A plague of pink rabbits has invaded Manhattan. I first noticed them daubed on pavements a couple of weeks ago. Then, while exploring lower Broadway, I spotted an abandoned shop-front wrapped in pink banners and slogans - surely the bunnies' hutch.
Approaching, I found myself ambushed by young women in pink T-shirts and caps exhorting me to go inside. Their urgency was of the sort worn by campaign volunteers on the eve of an election. Sign their petition, they said, and I would be rewarded with a token of their gratitude.
Notwithstanding an anti-war march on the UN last Tuesday by thousands chanting, "Hey, hey, ho, ho, the Bush regime has got to go", political protest is not popular with most young Americans. Quiescence is more their style. But with their Cottontail graffiti, these folk had grabbed my attention. I was intrigued.
"Lactose Tolerance Day," a woman explained, handing me a clipboard with a long list of signatures. Pardon? "Lactose Tolerance Day. We are petitioning for every day to be Lactose Tolerance Day." The earnestness of her appeal made discovering the truth of this ruse all the more acute. Let's just say that my "reward" was a bottle of Nesquik banana milk.
This is a rather wide-ranging campaign by Nesquik, owned by Switzerland's Nestlé. There is a web site too and pink-bunny ads flashing across video screens in Times Square. If Nestlé had released a swarm of real rabbits, spray-painted pink, in Central Park, I would hardly have been surprised.
But am I alone in being irritated? Are they trying to be funny about lactose intolerance, a condition that affects 50 million people in the US? Maybe their target was America's penchant for attaching one cause or another to every day in the calendar. But what Madison Avenue genius thought of this wheeze - an advertising pitch disguising itself as grassroots politics? And what possessed them to launch it when world leaders were in New York to tackle issues of actual interest to mankind such as Darfur?
If you are like me, you have a spam-filter on your e-mail. Mine is entirely useless; even today, I got a message from reply@ hairmailer.com - it was an ad from an outfit called Lactagen pushing non-dairy products on people who, you've guessed it, are lactose intolerant.

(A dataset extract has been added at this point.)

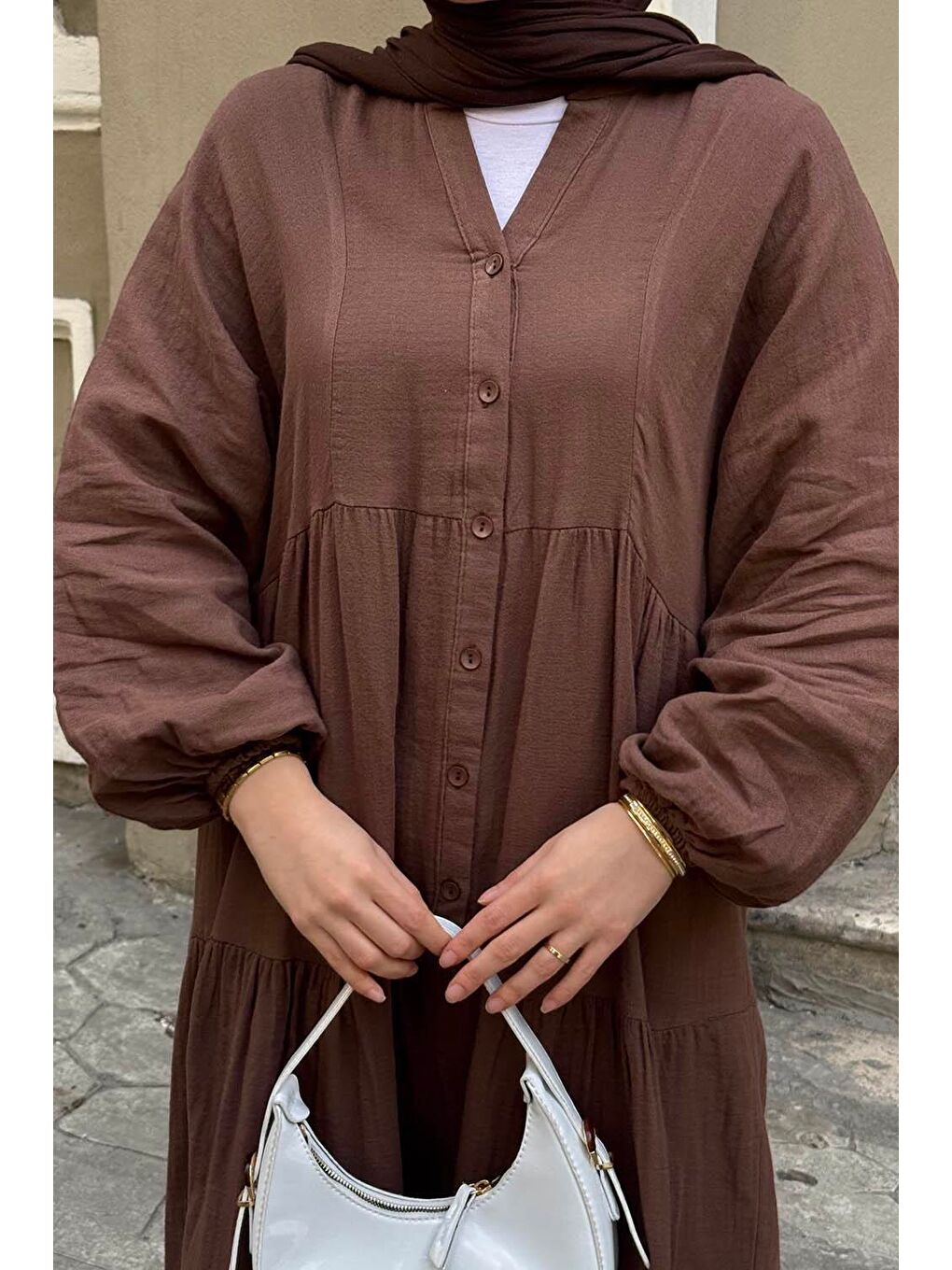 Ön Yarım Düğme Detaylı Müslin Kumaş Tesettür Elbise Kahverengi-2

But spamming is not something that happens only on the internet. What my encounter with the centre-fold bunny girls on Broadway demonstrated is that you can be spammed even as you walk down the street.
A few weeks ago, I was astonished to see a breakdown lorry towing a car that had suffered a remarkable misfortune - neatly lodged in its bonnet was a dishwasher that had apparently fallen from the sky. Amazing, I thought, until I saw the same pair two days later and realised that it was merely a stunt to advertise a television show about freaky accidents.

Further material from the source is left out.